Way back in 1937 when I was a 16 year old O.S in the Federal Line we were very strictly on our "pound and pint " as regards things like tea sugar jam butter and of course Nestles condenced milk.One tin per fortnight. Standard drill was to punch two small holes in the top of the can and plug with matchsticks. As the milk was consumed the resulting void filled with cockroaches no matter how tight the plugs were!
We drew rations once per week and when we ran out that was it untill next week The practice had been in use for years before that .I remember my father going on about it, he was at sea before and during WW1
The only thing I can remember getting enough of was burgoo for breakfast every day. Unsweetened of course.
Allan W


----------



## K urgess

Thought the attached may be of interest.

From "The New Ship-Master's Business Companion" by Captain W.C.Aubrey-Rees.
Published by Brown Son & Ferguson, Glasgow. Reprinted 1943.


----------



## Keith Adams

Even liner companies could have bad feeders among their fleet... all depended on the Old-Man and Chief Steward... one PSNC "S" Boat I was on
had very troublesome voyage with a London crew who got their own back by
going over the side after picking up the Pt Lynas Pilot and painted "HUNGRY BASTARD" in 5ft high letters on the starboard black hull plating, no one knew
anything about it until we went in to dock... when we swung around in the River Mersey all shipping offices on the Pier Head saw it.Snowy.


----------



## stein

It may interest the above writers to know that the Norwegian "Janere" (sailing ship sailors) had a saying related to serving in English ships: "Nothing to do and nothing to eat". They didn't eat welll under the Red Duster, but with double the crew of others, they didn't have to (?!). If you want to punch me in the face for that one, read some of the books of the Aussie Alan Villiers, for example "The war with Cape Horn". That's page after page of starvation and uncooperative "pound and pint" victims. Stein.


----------



## jim barnes

Snowy said:


> Even liner companies could have bad feeders among their fleet... all depended on the Old-Man and Chief Steward... one PSNC "S" Boat I was on
> had very troublesome voyage with a London crew who got their own back by
> going over the side after picking up the Pt Lynas Pilot and painted "HUNGRY BASTARD" in 5ft high letters on the starboard black hull plating, no one knew
> anything about it until we went in to dock... when we swung around in the River Mersey all shipping offices on the Pier Head saw it.Snowy.

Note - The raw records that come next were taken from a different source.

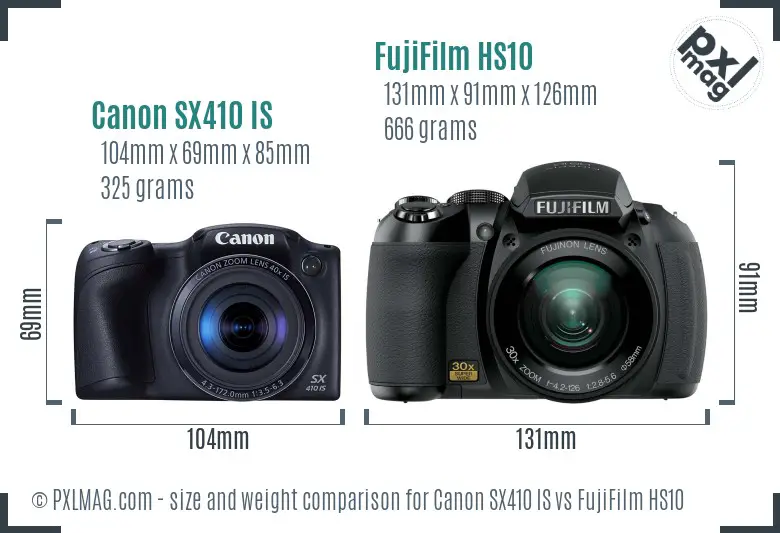 Canon SX410 IS vs FujiFilm HS10 size comparison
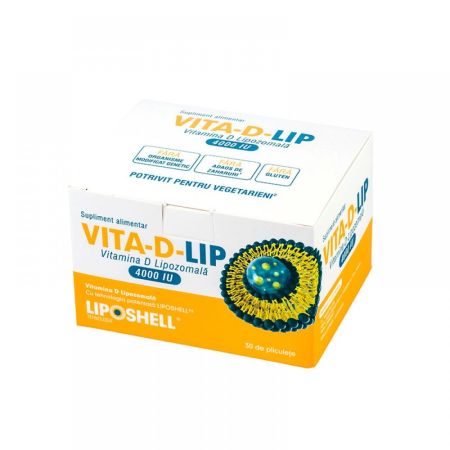Vitamina D lipozomala, 4000UI, 30 plicuri, Liposhell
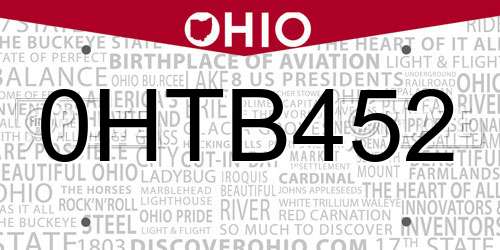 0HTB452 Ohio License Plate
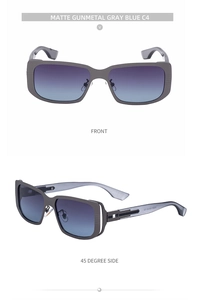 Detailansicht der quadratischen Sonnenbrille in Matt-Gunmetal mit blau-violettem Verlauf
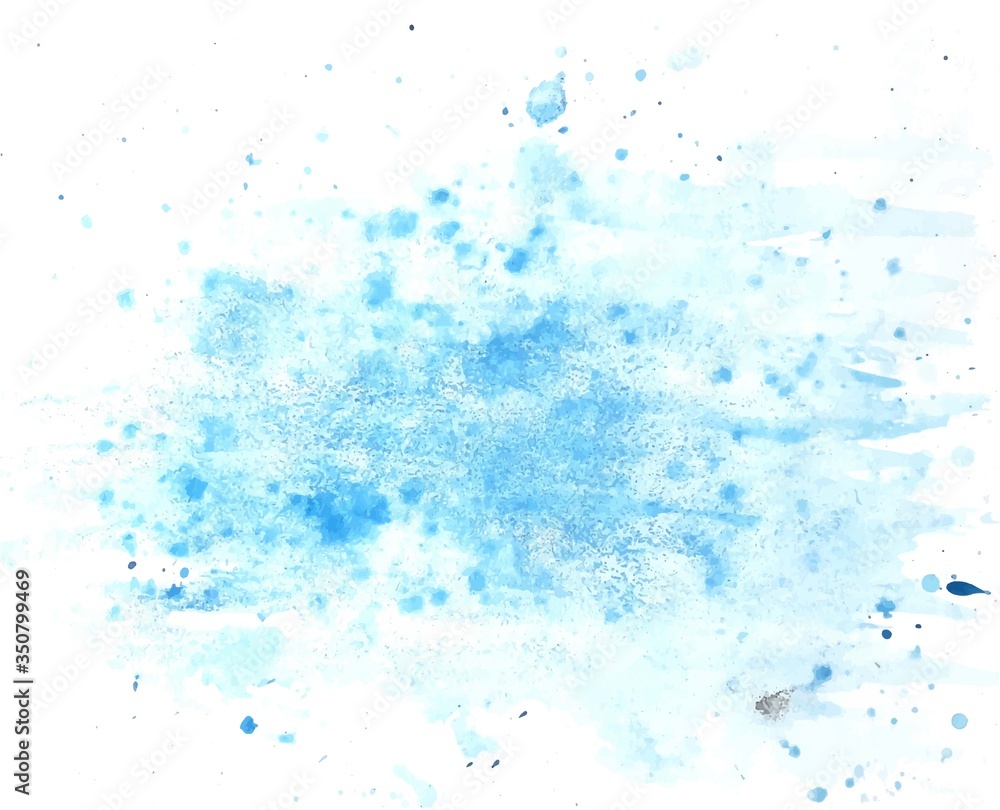 Vector watercolor spots of blue on a white background, stock illustration for design and decoration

 must agree with that Snowy but towards the end in the early 70s with their new ships accomodation and food improved 200% Ortiga & Orbita two of which i was on, real posh acc for crew, single berth with shared shower between two cabins and sink in each cabin, piped music in crew mess and white table cloths.. now come on that was different to anything i ever came across before or after as a deck hand.


----------



## dundalkie

thanks all for the comments, but what I would like to know did any old man ever impose the minimum rations on his crew and what happened?


----------



## K urgess

When I sailed on Hungry Hogarth's Baron Wemyss I was told that the feeding was Board of Trade minimum.
This didn't mean that we, officers and crew alike, queued up to be given our rations as and when required.
The amount of food available to the catering department was the Board of Trade minimum for the number of persons on board. We had excellent Maltese cooks who turned out some amazing dishes on these allowances. There just wasn't an awful lot of it. The only luxury was Christmas dinner and even then I've tasted better wood than that turkey.
Fresh water wasn't issued but we were always aware that there wasn't a lot of it and wasting it wasn't tolerated. A quick topup of the tanks in Gatun Lake as you passed through Panama would see the ship through to NZ/Oz.
This was 1966 and my first trip as a junior sparks. An interesting introduction to the Merchant Navy.(EEK)


----------



## jim barnes

i was on a shell tanker lowly deck boy on the bridge in bad weather, Captain requested me to go below and make him a cup of cocoa, i said can't do that? silence.. "what "the captain said. i said couldn't make the cocoa as it came out of our rations (only been at sea a couple of days, me quite new at this game) Rations what rations go down below and bring the chief steward to me.... i brought the chief steward up to the bridge and strong words where exchanged. Captain got his cocoa and rationing ended, chief steward didn't like me much after that watch


----------



## Keith Adams

Now I know why you agreed with my earlier comment about it depending on
the Old-Man and Chief Steward ! For the record... my Dad spent 3yrs on the
Norweigen cargo ship "GRO" in the early 20s... the only foreigner aboard. If
anyone has a photo of her I would be grateful. He said they always worked 4 on 4 off with a Dog Watch thrown in; same as Sailing vessels,only far fewer
hands.


----------



## Keith Adams

Before anyone jumps on me ... typo in above comment s/b Norwegian... sorry.
Snowy.


----------



## Bearsie

jim barnes said:


> i was on a shell tanker lowly deck boy on the bridge in bad weather, Captain requested me to go below and make him a cup of cocoa, i said can't do that? silence.. "what "the captain said. i said couldn't make the cocoa as it came out of our rations (only been at sea a couple of days, me quite new at this game) Rations what rations go down below and bring the chief steward to me.... i brought the chief steward up to the bridge and strong words where exchanged. Captain got his cocoa and rationing ended, chief steward didn't like me much after that watch


Good going Jim !
Food seems to be popular with this crowd, regardless of flag 

Is there regional cooking in the UK?
That's one problem we had, since the majority of the crews were north german (terrible food) Once, we had an Austrian cook, I loved him !
The rest of the crew disliked him since he didn't cook "their" stuff ...
And so it goes LOL
Incidently I am from the state of Thueringia (Thüringen) far from the sea...
But my Grandpa was in the Imperial Navy and the british made him swim home twice (minus the ship) that was 14-18 LOL


----------



## Bearsie

Was the food better. or worse on family owned ships?


----------



## Split

When I was an apprentice in 1948 we used to get an egg on Sunday for breakfast. The trouble was by the time the cook had done with it we didn't know what it was.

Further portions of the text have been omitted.